In many ways, it’s similar to how I feel when people visit my home. My home doesn’t seem dirty, messy, or disorganized until guests show up, and then I start noticing every flaw and imperfection. The difference between church and our homes is that most folks rarely have guests in their homes, but we constantly have guests in our churches. Make a conscious effort to look at your church like you do your house when you know that company is coming. If nothing else, keep the platform and altar area clean, organized, clutter-free, and pleasant. Why? Because the platform and altar area is where people’s attention will be focused 99% of the time. Do your best to “awkward-proof” your platform as much as possible. Meaning, avoid tripping hazards, weird set-ups where singers are practically on top of ministers who are seated, chairs that make strange noises (funny story goes with this tip), busy seating arrangements that people have to weave around like a maze, bad lighting, exposed tangled wires, decorative arrangements that are easily bumped or fall with little provoking, and odd instrument and musician placements that conflict with the overall environment.
Being self-aware also means that we realize that unchurched people often don’t understand expressions and words that are common to us. No. I’m not one of those guys who wants to dumb down our preaching or secularize our expressions, but I do think we should pause often and explain to guests what we’re talking about. Yes, sir. That’s just common courtesy and good manners. We know exactly what we mean by God is going to “split the eastern sky wide open” but a guest just hears a weird, scary sounding phrase. Self-aware churches do a lot of patient explaining.
Along those same lines, if you announce that everyone who wants to be a part of “such and such” needs to talk to “so and so” without visibly showing them who “so and so” is, every one of your guests and newer saints is going to feel completely lost and excluded. Self-aware churches do lots of introducing people to people.
Utilize the power of social media and onlinepresence. I’ve written many times about the dangers and pitfalls of social media (here, here, and here). However, it’s simply irresponsible when a church fails to harness this powerful outreach tool. Our church reaches over fifty thousand people each month via iTunes and podcast, and much more than that through our online presence. The vast majority of people in your community will check out your church online before making a decision to visit. Very few people show up without doing a little research these days. If possible, set up a podcast where people can listen to your lessons and sermons. Have a website, it doesn’t have to be state of the art but it needs to be updated (don’t have announcements posted for things that have already happened) and very informative. There’s no such thing as too much information. Tell them about your church, what to expect, what you believe, all about your vision, your ministries, your leadership (many church sites make it challenging to even figure out their pastor’s name), your service times, and your location. Link your site to various social media sites and utilize them to the best of your ability. Ideally, someone trustworthy and tech-savvy should be shepherding this ministry (and it is a ministry).

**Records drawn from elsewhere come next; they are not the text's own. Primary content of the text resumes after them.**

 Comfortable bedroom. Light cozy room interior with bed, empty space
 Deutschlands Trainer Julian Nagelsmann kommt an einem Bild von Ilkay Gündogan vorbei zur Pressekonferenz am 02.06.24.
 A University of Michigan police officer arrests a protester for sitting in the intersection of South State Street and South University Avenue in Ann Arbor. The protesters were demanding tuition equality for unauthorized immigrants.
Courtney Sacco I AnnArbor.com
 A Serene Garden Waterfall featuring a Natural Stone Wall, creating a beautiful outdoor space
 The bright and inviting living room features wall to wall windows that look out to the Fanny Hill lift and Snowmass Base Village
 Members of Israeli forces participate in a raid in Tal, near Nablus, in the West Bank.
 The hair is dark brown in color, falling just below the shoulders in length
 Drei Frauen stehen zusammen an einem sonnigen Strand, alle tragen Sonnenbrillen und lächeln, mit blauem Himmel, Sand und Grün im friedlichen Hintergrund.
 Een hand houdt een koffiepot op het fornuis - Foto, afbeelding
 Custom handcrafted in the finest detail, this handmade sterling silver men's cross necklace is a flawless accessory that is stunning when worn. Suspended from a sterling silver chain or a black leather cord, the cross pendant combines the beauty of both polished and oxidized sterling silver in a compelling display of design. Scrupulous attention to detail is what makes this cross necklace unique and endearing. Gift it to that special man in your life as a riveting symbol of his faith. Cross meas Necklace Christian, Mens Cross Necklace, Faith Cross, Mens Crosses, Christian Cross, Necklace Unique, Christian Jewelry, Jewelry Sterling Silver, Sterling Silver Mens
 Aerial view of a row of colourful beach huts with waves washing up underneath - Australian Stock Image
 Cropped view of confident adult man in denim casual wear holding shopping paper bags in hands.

Don’t be ashamed of your apostolic identity (Romans 1:16, Luke 9:26). Hollywood isn’t ashamed of their spectacle. In fact, the world has never been prouder in spite of the chaos that it’s in. Do not be ashamed of the name of Jesus, holiness, Apostolic doctrine, the moving of the Spirit, exuberant praise, passionate preaching, or our Pentecostal heritage.
Beware of the Grasshopper Complex (Numbers 13:26-33). Remember the ten spies who gave an “evil report (Numbers 13:32)”? They said that they could not take the Promised Land. Mostly because they had spotted intimidating giants. They famously whined, “…we were in our own sight as grasshoppers, and so we were in theirs (Numbers 13:33)”. They were suffering from an Inferiority Complex. They were so impressed and oppressed by the perceived strength of their enemy that they lost faith and paralysis took control. Many churches suffer from a Grasshopper Complex. They see thriving false churches, encroaching evil from every side, political pressure, cultural decay, obstacles that seem insurmountable, and they are frozen in fear. This is fundamentally a faith problem. Here’s the deal with giants; the bigger they are the easier it is to hit them with a slingshot. Okay. I know that sounds flippant and sometimes the battle is extremely intense. But in the end, we either trust God for the victory or we don’t.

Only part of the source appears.